====== Dataset records ======
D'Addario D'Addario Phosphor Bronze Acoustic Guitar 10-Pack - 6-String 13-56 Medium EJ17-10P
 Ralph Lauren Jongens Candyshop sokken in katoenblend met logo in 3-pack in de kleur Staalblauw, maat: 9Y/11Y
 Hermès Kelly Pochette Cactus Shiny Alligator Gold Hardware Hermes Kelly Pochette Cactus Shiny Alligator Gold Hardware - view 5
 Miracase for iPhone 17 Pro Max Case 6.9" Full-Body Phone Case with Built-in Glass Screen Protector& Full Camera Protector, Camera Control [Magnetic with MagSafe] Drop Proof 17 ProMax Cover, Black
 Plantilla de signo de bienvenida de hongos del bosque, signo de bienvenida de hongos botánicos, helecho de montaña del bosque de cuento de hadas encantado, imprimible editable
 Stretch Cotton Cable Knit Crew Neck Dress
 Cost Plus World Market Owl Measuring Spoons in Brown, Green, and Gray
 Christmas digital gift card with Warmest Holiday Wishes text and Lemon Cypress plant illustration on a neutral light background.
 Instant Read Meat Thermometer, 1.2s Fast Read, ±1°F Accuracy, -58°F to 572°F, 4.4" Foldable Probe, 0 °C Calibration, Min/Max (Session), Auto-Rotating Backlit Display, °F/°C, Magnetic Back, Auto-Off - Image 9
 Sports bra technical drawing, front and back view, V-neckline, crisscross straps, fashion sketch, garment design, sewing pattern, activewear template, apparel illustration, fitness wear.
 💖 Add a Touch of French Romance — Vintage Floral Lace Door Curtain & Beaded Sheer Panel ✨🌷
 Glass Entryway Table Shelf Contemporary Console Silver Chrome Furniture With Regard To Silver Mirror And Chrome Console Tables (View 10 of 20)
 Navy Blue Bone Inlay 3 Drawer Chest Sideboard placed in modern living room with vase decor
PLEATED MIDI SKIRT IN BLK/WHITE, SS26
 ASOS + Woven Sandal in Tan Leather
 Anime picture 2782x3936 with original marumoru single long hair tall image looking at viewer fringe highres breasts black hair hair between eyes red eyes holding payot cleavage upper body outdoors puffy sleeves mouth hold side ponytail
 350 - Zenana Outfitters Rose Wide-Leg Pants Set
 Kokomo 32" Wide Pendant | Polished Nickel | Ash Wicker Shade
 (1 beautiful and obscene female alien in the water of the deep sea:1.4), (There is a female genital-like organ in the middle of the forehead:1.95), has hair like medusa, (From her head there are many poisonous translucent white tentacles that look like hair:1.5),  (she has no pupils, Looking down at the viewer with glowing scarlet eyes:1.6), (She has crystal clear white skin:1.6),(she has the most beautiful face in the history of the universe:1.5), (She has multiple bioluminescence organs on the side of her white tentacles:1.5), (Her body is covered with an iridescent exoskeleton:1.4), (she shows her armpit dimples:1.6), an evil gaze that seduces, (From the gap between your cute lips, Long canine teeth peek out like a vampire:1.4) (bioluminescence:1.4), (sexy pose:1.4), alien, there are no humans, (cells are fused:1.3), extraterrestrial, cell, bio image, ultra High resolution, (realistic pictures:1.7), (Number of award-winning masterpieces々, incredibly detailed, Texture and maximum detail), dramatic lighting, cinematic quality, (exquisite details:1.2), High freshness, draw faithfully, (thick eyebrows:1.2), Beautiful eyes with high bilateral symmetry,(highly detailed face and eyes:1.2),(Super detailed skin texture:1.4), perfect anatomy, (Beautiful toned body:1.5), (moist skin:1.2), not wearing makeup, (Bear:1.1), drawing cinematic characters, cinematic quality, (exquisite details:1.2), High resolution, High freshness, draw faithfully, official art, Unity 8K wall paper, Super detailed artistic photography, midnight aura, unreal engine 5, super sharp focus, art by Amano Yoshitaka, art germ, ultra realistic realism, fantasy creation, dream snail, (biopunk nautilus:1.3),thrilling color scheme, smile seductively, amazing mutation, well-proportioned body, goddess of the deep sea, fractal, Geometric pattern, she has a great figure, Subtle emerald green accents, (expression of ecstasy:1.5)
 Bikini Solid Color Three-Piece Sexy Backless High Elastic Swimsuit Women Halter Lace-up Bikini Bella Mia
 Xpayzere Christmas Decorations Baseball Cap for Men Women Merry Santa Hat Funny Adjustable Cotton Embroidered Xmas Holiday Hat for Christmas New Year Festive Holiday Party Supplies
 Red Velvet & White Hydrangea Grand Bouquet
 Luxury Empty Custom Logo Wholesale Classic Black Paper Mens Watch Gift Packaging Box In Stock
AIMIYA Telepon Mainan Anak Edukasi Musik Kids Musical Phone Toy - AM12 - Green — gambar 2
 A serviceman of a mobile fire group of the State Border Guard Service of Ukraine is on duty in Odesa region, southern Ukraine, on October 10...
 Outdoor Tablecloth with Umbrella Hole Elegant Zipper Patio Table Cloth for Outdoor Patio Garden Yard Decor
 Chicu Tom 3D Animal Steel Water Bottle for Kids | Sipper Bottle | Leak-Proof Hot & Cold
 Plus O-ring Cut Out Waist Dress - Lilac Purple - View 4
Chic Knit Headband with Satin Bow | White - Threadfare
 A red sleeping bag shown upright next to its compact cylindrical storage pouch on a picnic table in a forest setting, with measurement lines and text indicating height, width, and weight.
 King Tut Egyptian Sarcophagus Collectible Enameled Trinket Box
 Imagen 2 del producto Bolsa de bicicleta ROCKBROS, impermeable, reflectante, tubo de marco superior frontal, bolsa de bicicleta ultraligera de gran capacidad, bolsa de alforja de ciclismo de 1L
======
### Task description:
Return every line of the data unchanged.

### Task response:
D'Addario D'Addario Phosphor Bronze Acoustic Guitar 10-Pack - 6-String 13-56 Medium EJ17-10P
 Ralph Lauren Jongens Candyshop sokken in katoenblend met logo in 3-pack in de kleur Staalblauw, maat: 9Y/11Y
 Hermès Kelly Pochette Cactus Shiny Alligator Gold Hardware Hermes Kelly Pochette Cactus Shiny Alligator Gold Hardware - view 5
 Miracase for iPhone 17 Pro Max Case 6.9" Full-Body Phone Case with Built-in Glass Screen Protector& Full Camera Protector, Camera Control [Magnetic with MagSafe] Drop Proof 17 ProMax Cover, Black
 Plantilla de signo de bienvenida de hongos del bosque, signo de bienvenida de hongos botánicos, helecho de montaña del bosque de cuento de hadas encantado, imprimible editable
 Stretch Cotton Cable Knit Crew Neck Dress
 Cost Plus World Market Owl Measuring Spoons in Brown, Green, and Gray
 Christmas digital gift card with Warmest Holiday Wishes text and Lemon Cypress plant illustration on a neutral light background.
 Instant Read Meat Thermometer, 1.2s Fast Read, ±1°F Accuracy, -58°F to 572°F, 4.4" Foldable Probe, 0 °C Calibration, Min/Max (Session), Auto-Rotating Backlit Display, °F/°C, Magnetic Back, Auto-Off - Image 9
 Sports bra technical drawing, front and back view, V-neckline, crisscross straps, fashion sketch, garment design, sewing pattern, activewear template, apparel illustration, fitness wear.
 💖 Add a Touch of French Romance — Vintage Floral Lace Door Curtain & Beaded Sheer Panel ✨🌷
 Glass Entryway Table Shelf Contemporary Console Silver Chrome Furniture With Regard To Silver Mirror And Chrome Console Tables (View 10 of 20)
 Navy Blue Bone Inlay 3 Drawer Chest Sideboard placed in modern living room with vase decor
PLEATED MIDI SKIRT IN BLK/WHITE, SS26
 ASOS + Woven Sandal in Tan Leather
 Anime picture 2782x3936 with original marumoru single long hair tall image looking at viewer fringe highres breasts black hair hair between eyes red eyes holding payot cleavage upper body outdoors puffy sleeves mouth hold side ponytail
 350 - Zenana Outfitters Rose Wide-Leg Pants Set
 Kokomo 32" Wide Pendant | Polished Nickel | Ash Wicker Shade
 (1 beautiful and obscene female alien in the water of the deep sea:1.4), (There is a female genital-like organ in the middle of the forehead:1.95), has hair like medusa, (From her head there are many poisonous translucent white tentacles that look like hair:1.5),  (she has no pupils, Looking down at the viewer with glowing scarlet eyes:1.6), (She has crystal clear white skin:1.6),(she has the most beautiful face in the history of the universe:1.5), (She has multiple bioluminescence organs on the side of her white tentacles:1.5), (Her body is covered with an iridescent exoskeleton:1.4), (she shows her armpit dimples:1.6), an evil gaze that seduces, (From the gap between your cute lips, Long canine teeth peek out like a vampire:1.4) (bioluminescence:1.4), (sexy pose:1.4), alien, there are no humans, (cells are fused:1.3), extraterrestrial, cell, bio image, ultra High resolution, (realistic pictures:1.7), (Number of award-winning masterpieces々, incredibly detailed, Texture and maximum detail), dramatic lighting, cinematic quality, (exquisite details:1.2), High freshness, draw faithfully, (thick eyebrows:1.2), Beautiful eyes with high bilateral symmetry,(highly detailed face and eyes:1.2),(Super detailed skin texture:1.4), perfect anatomy, (Beautiful toned body:1.5), (moist skin:1.2), not wearing makeup, (Bear:1.1), drawing cinematic characters, cinematic quality, (exquisite details:1.2), High resolution, High freshness, draw faithfully, official art, Unity 8K wall paper, Super detailed artistic photography, midnight aura, unreal engine 5, super sharp focus, art by Amano Yoshitaka, art germ, ultra realistic realism, fantasy creation, dream snail, (biopunk nautilus:1.3),thrilling color scheme, smile seductively, amazing mutation, well-proportioned body, goddess of the deep sea, fractal, Geometric pattern, she has a great figure, Subtle emerald green accents, (expression of ecstasy:1.5)
 Bikini Solid Color Three-Piece Sexy Backless High Elastic Swimsuit Women Halter Lace-up Bikini Bella Mia
 Xpayzere Christmas Decorations Baseball Cap for Men Women Merry Santa Hat Funny Adjustable Cotton Embroidered Xmas Holiday Hat for Christmas New Year Festive Holiday Party Supplies
 Red Velvet & White Hydrangea Grand Bouquet
 Luxury Empty Custom Logo Wholesale Classic Black Paper Mens Watch Gift Packaging Box In Stock
AIMIYA Telepon Mainan Anak Edukasi Musik Kids Musical Phone Toy - AM12 - Green — gambar 2
 A serviceman of a mobile fire group of the State Border Guard Service of Ukraine is on duty in Odesa region, southern Ukraine, on October 10...
 Outdoor Tablecloth with Umbrella Hole Elegant Zipper Patio Table Cloth for Outdoor Patio Garden Yard Decor
 Chicu Tom 3D Animal Steel Water Bottle for Kids | Sipper Bottle | Leak-Proof Hot & Cold
 Plus O-ring Cut Out Waist Dress - Lilac Purple - View 4
Chic Knit Headband with Satin Bow | White - Threadfare
 A red sleeping bag shown upright next to its compact cylindrical storage pouch on a picnic table in a forest setting, with measurement lines and text indicating height, width, and weight.
 King Tut Egyptian Sarcophagus Collectible Enameled Trinket Box
 Imagen 2 del producto Bolsa de bicicleta ROCKBROS, impermeable, reflectante, tubo de marco superior frontal, bolsa de bicicleta ultraligera de gran capacidad, bolsa de alforja de ciclismo de 1L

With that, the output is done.